NGO transparency bill passes first Knesset reading

The Knesset on Monday approved by a 50-43 margin the first reading of the controversial NGO transparency bill.

The bill, sponsored by Justice Minister Ayelet Shaked, seeks to impose new transparency regulations on Israeli nonprofit groups that receive funds from foreign governments or bodies such as the European Union. The bill would require nongovernmental organizations to give details of overseas donations in all their official publications if more than half their funding comes from such entities.

Monday’s vote came after an hours-long stormy debate on the Knesset floor. Shaked said opponents of the bill did not have a valid justification for their position. “Anyone watching from the side can see that your opposition long ago shifted from ideological opposition to opposition based on paranoia,” Shaked told the bill’s opponents.

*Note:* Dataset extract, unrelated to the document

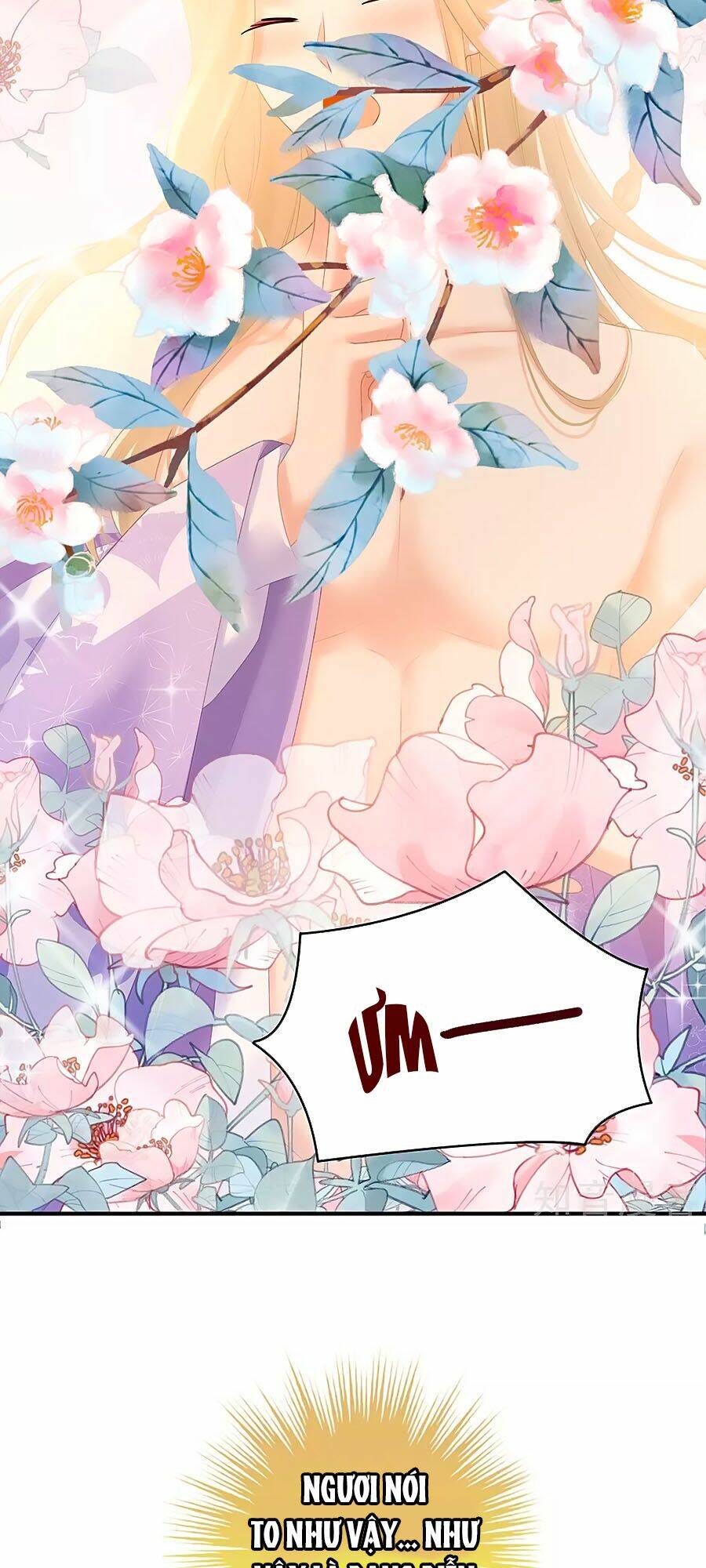 Hậu Cung Của Nữ Đế Chapter 216 - Trang 2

To become law, the bill needs to pass three votes in the Knesset. After the approval of the first reading on Monday, the bill now goes to a committee for final drafting before a second and third vote at a separate parliamentary session.

The U.S. and EU have raised concerns publicly and privately about the bill.

Opponents of the bill claim it is discriminatory because groups that oppose the Israeli government’s policies toward the Palestinians are the main recipients of money from foreign governments and the EU.

Private funds from overseas are not addressed in the bill.

Prime Minister Benjamin Netanyahu has defended the bill as being “democratic and necessary.” Addressing Likud members last week, Netanyahu drew parallels with Spain’s Basque country where various separatist groups used peaceful or violent means to further their cause. “Try to imagine Israel funding Basque independence organizations,” Netanyahu said.

More than 30,000 NGOs are registered in Israel, about half of them active. Around 70 of those groups deal with the Israeli-Palestinian conflict and receive funds either from the EU as a whole, or individual member governments, including Denmark, Sweden and Belgium, as well as nonmember Norway.

Once the bill reaches a Knesset committee for fine-tuning, lawmakers are likely to focus on the possible removal of a widely-criticized clause that would require representatives of foreign government-funded NGOs to wear special identification badges when they visit the Knesset.

Shaked has said she was determined to crack down on those groups that take foreign money and then criticize Israel, accusing some NGOs of “eroding the legitimacy of Israel to exist as a Jewish and democratic state.”

Several weeks ago, U.S. Ambassador to Israel Dan Shapiro met with Shaked to discuss the bill and took the unusual step of issuing a statement expressing Washington’s concern and the need for governments to “protect free expression and peaceful dissent.”

More recently, 50 members of the European Parliament sent a letter to all Knesset members, urging them to vote against the bill.

Likud MK Nava Boker said she was “shocked” to receive the letter. “Perhaps the members of the European Parliament are confused or maybe they are used to activating their foreign agents here,” Boker said. “I am committed only to the people of Israel. The State of Israel is a sovereign nation and we will not tolerate this insolent foreign intervention. The NGO bill is an excellent bill and the Europeans better get the hint — leave the State of Israel alone.”